Namun, beredar isu dikalangan masyarakat bahwa seseorang harus memiliki surat vaksin sebagai persyaratan administrasi ketika melamar sebuah pekerjaan. Ada juga yang mengatakan seseorang harus memiliki surat vaksin agar dia tidak di PHK dari Perusahaan tempat ia bekerja.
PERTANYAAN:
Jika Katalisator Vaksin Najis yang digunakan, bagaimanakah hukum pencegahan penyakit dengan menggunakan Katalisator Vaksin Najis karena khawatir hilang jabatan?
JAWABAN:
Hukum menggunakan vaksin yang dihasilkan dengan menggunakan katalisator najis untuk pencegahan penyakit adalah boleh, karena:
a. Vaksin yang dihasilkan tidak terkontaminasi oleh najis.
b. Pencegahan peyakit dengan vaksin adalah merupakan perintah pemerintah yang wajib ditaati.
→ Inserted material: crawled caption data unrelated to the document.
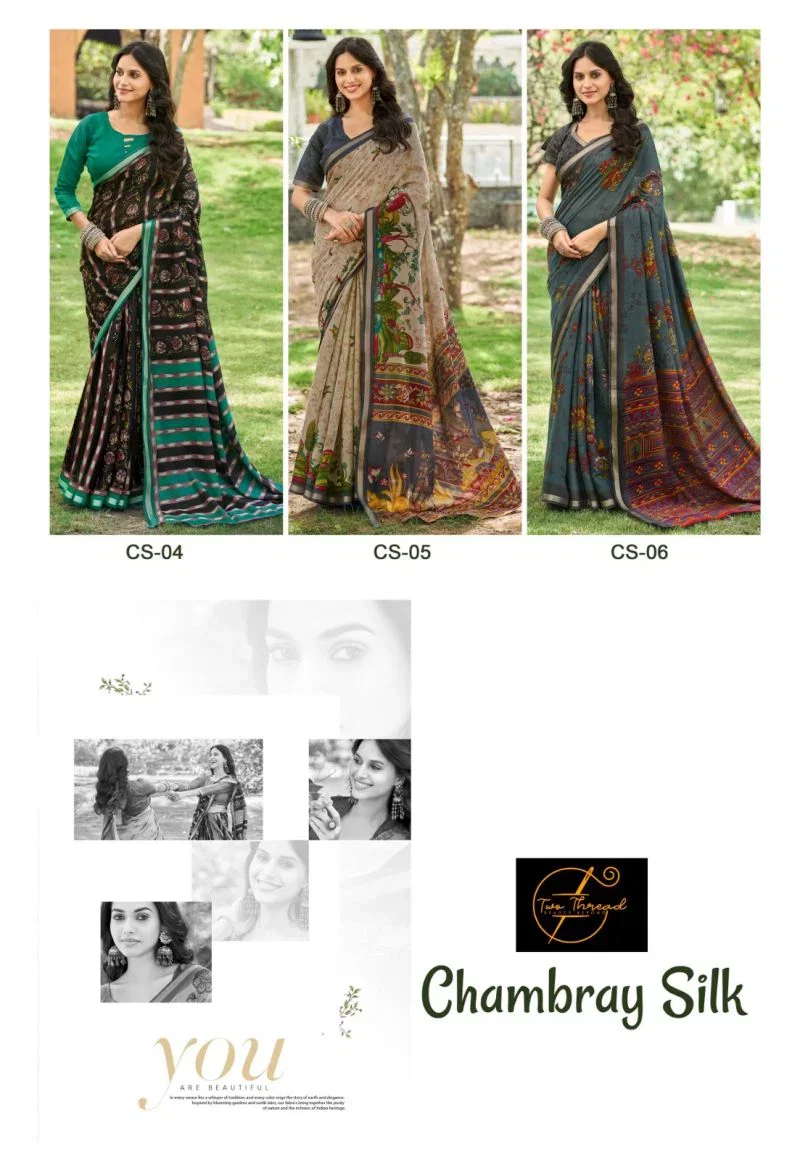 Chambray Silk Mul Cotton Printed Saree Catalog — Organza Saree, Vardan Ethnic wholesale from Surat — Photo 11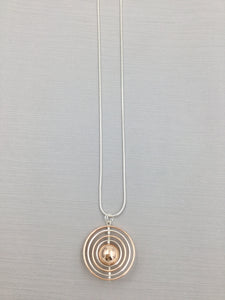 Long Necklace in Rose Gold and Silver with Circles and Ball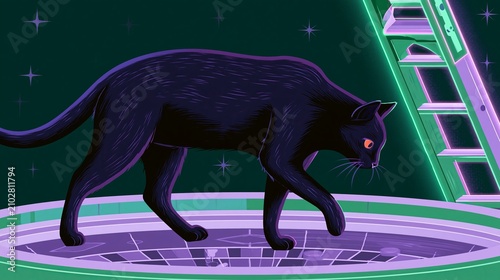 Sleek Black Cat Walking Across a Stylized Casino Roulette Wheel Under a Ladder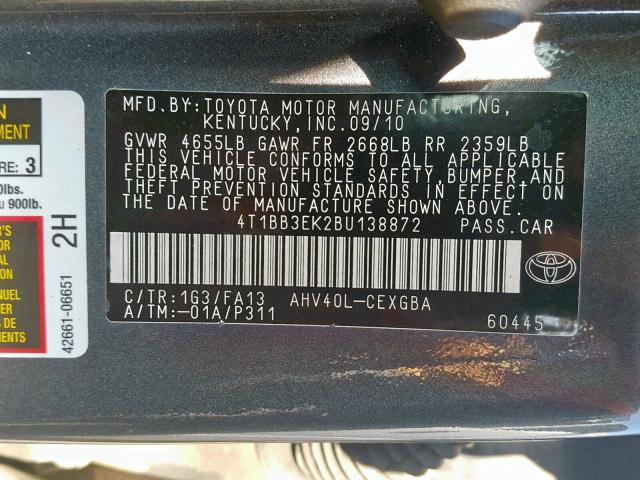 4T1BB3EK2BU138872 - 2011 TOYOTA CAMRY HYBR GRAY photo 10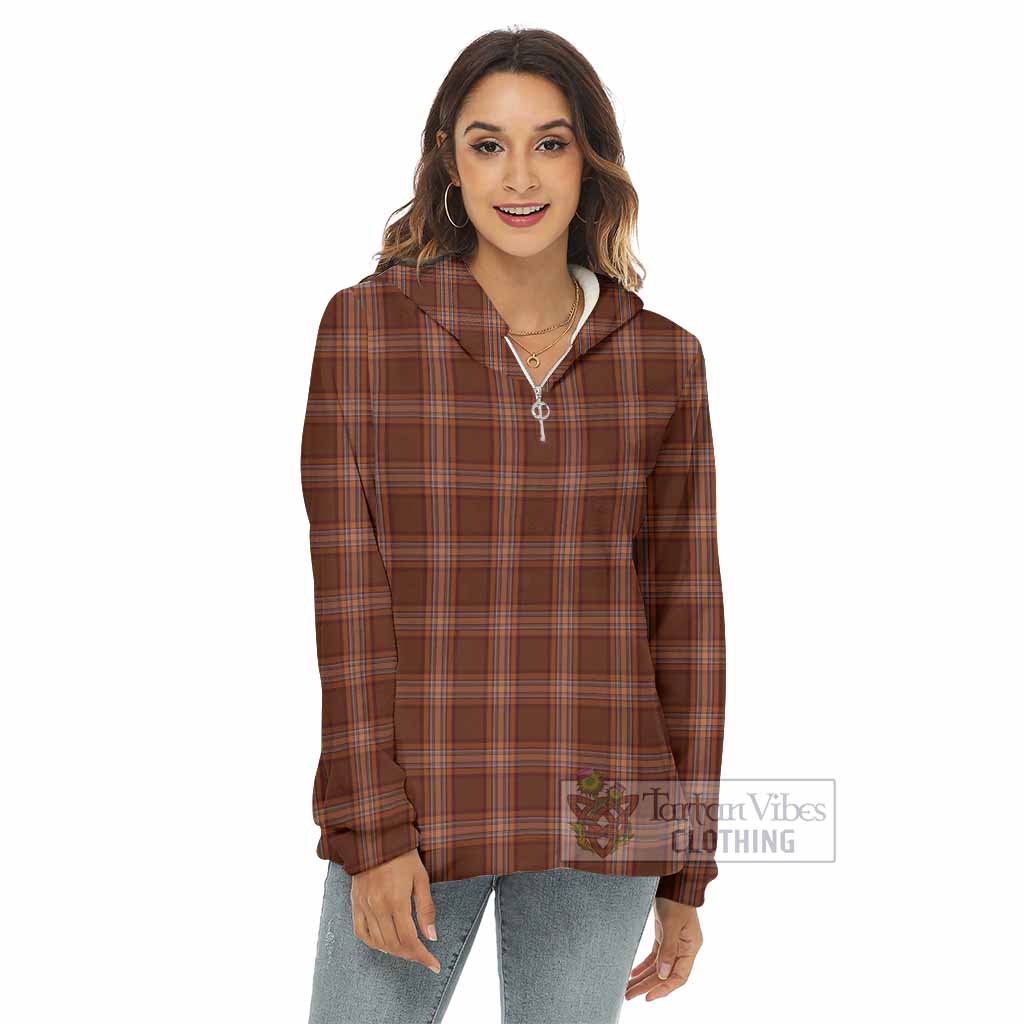 Down County Ireland Tartan Women's Borg Fleece Hoodie with Half Zip - Tartan Vibes Clothing
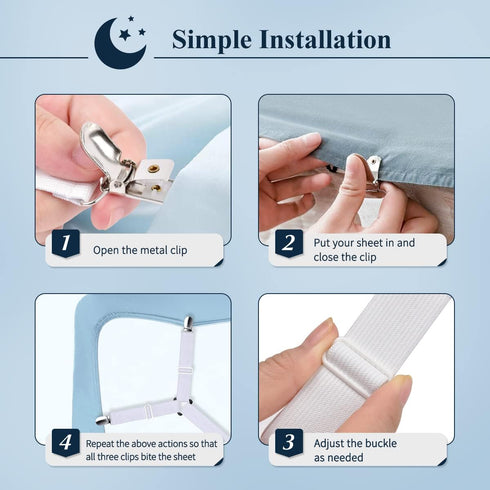 Sopito Adjustable Bed Sheet Straps, 2pcs/White, Max Stretch 29.5 in to 82.7 in, Non-Slip Holder Clips for Beds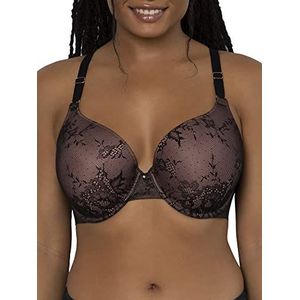 Smart & Sexy Women's T-Shirt Bra, Black Hue with Ballet Fever (Smooth Lace), 34DD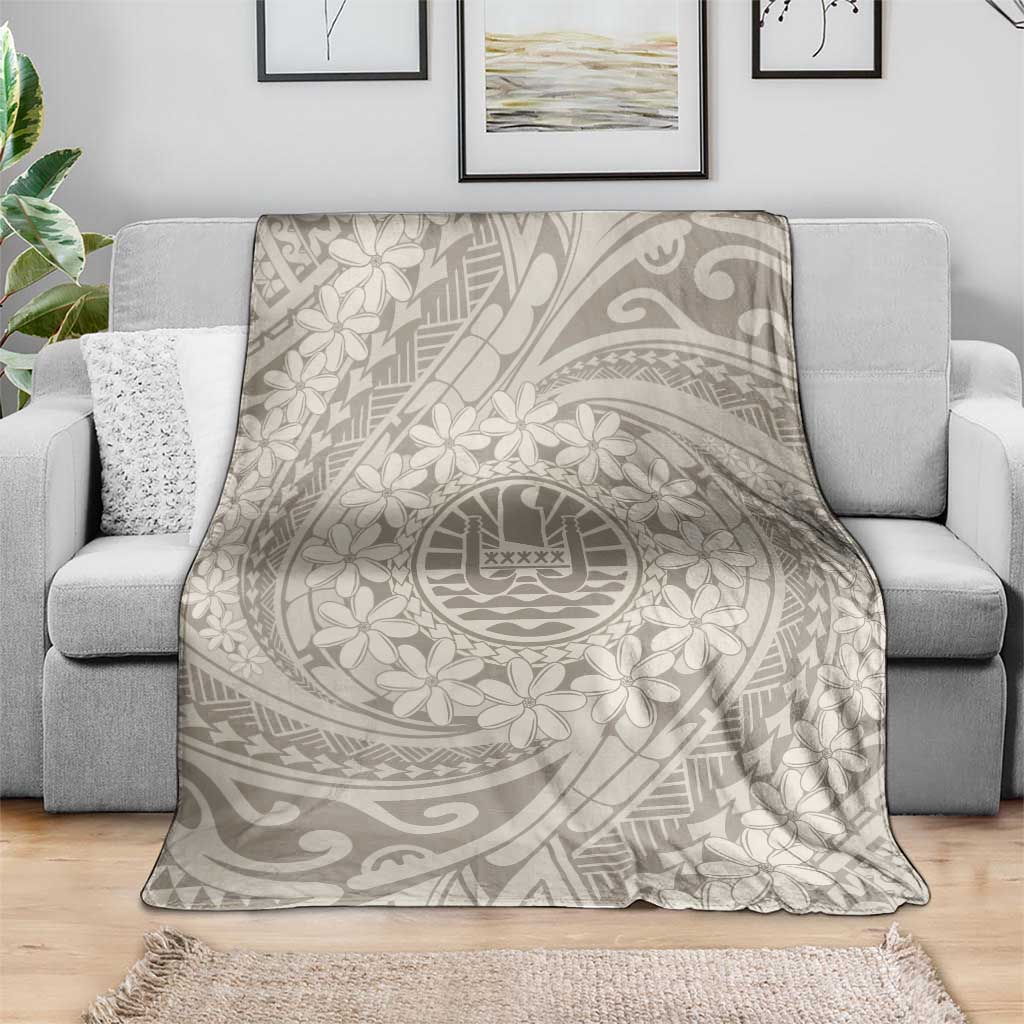 Tahitian Tiare Flower Blanket Beige Polynesian Pattern LT9 - Polynesian Pride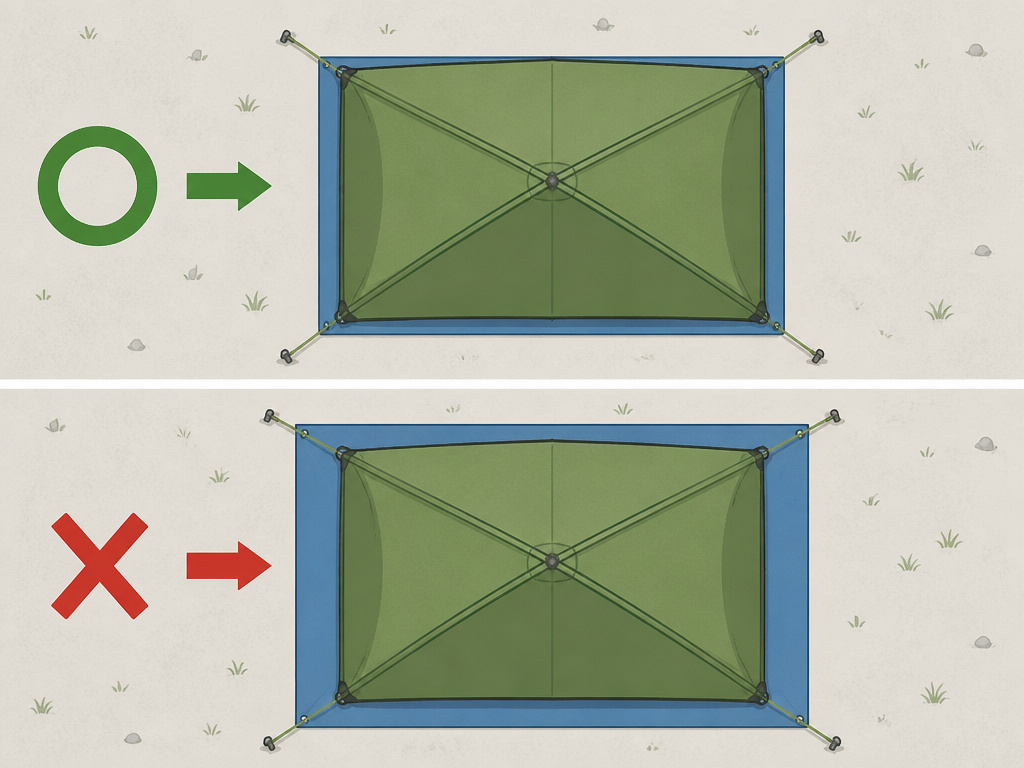 Correct and incorrect tent footprint placement diagram for camping setup.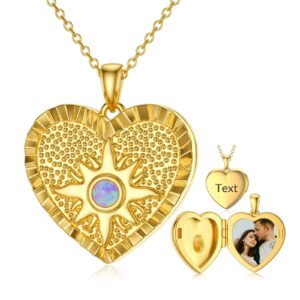 SOULMEET 10K 14K 18K Solid Gold/Plated Gold Pink Opal Starburst Locket Necklace That Holds Picture, You Light Up My Life Gold Locket Personalized Letters Engraved (Custom Photo & Text)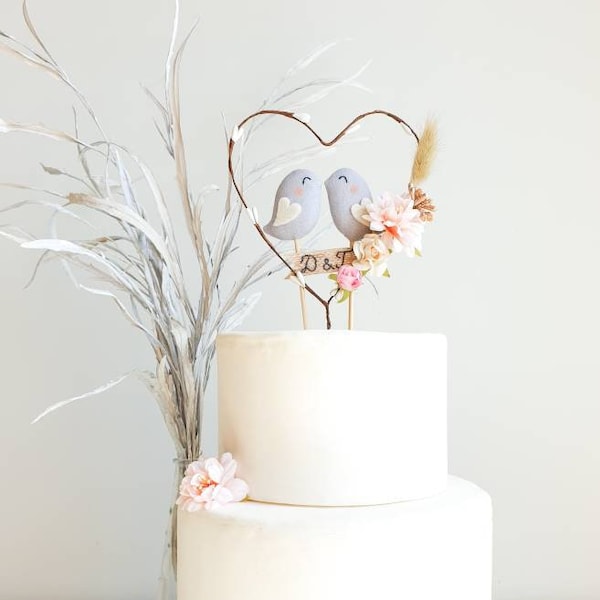 Personalized Love Birds Cake Topper and Wire Heart - Cute Birds Cake Decor With Wreath - Unique Wedding Cake Topper For Rustic, Gray Wedding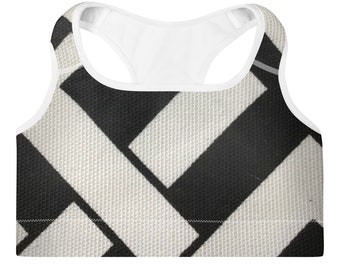 Padded Sports Bra Beige Block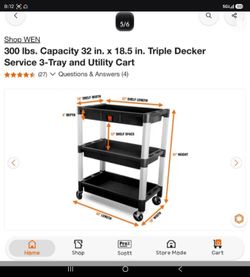 (New)WEN Three-Tray 300-Pound Capacity Triple Decker Service and Utility Cart, 73163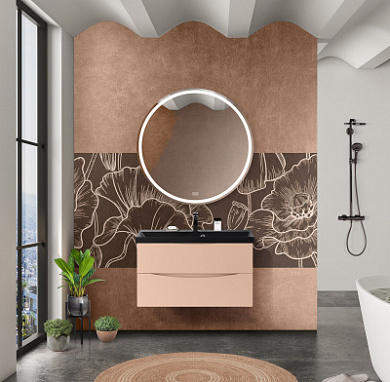 Тумба подвесная с черной раковиной из литьевого мрамора BelBagno MARINO 80 Crema Opaco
c. Bagi yang khawatir jabatan benar-benar hilang ketika tidak vaksin, dan tidak menemukan pekerjaan yang layak, maka boleh.
REFERENSI:
حواشي الشرواني - الشرواني والعبادي، الجزء ٣ الصفحة ٧٢
وإذا اعتبرنا اعتقاد الآمر فأمر بمأمور أو مباح عنده حرام عند المأمور فهل يستثنى ذلك فلا يجب الامتثال أي إذا لم يخف الفتنة أو يجب مطلقا ويندفع الاثم لأجل أمر الحاكم أو يجب ويلزم التقليد فيه نظر وقد يتجه الاستثناء وأنه ليس للإمام الامر بحرام عند المأمور وإن لم يكن حراما عنده إذ ليس له حمل الناس على مذهبه سم
Artinya : Apabila kita mempertimbangkan keyakinan orang yang memerintah (pemerintah), kemudian memerintah hal yang wajib atau mubah menurutnya, sementara menurut orang yang diperintah adalah haram. Kemudian ada pertanyaan
Apakah hal itu ada pengecualiannya sehingga tidak wajib dilaksanakan saat tidak khawatir menimbulkan fitnah? Atau wajibnya melaksanakan hal itu secara mutlak? Sehingga apabila tidak dilaksanakan mengakibatkan dosa disebabkan hal itu merupakan perintah dari hakim (pemerintah)? Atau hal itu menjadi wajib dan harus diikuti ? Dalam masalah ini perlu dikaji kembali, namun pendapat yang terkadang dianut adalah yang menyatakan hal tersebut ada pengecualiannya dan tidak boleh bagi pemerintah memerintahkan hal yang haram kepada rakyat, meskipun hal itu tidak haram menurut madzhab atau pendapat si-pemerintah, karena pemerintah tidak boleh memerintahkan sesuatu kepada rakyatnya berdasarkan madzhabnya sendiri (dalam arti jika Imam dan rakyatnya berbeda madzhab).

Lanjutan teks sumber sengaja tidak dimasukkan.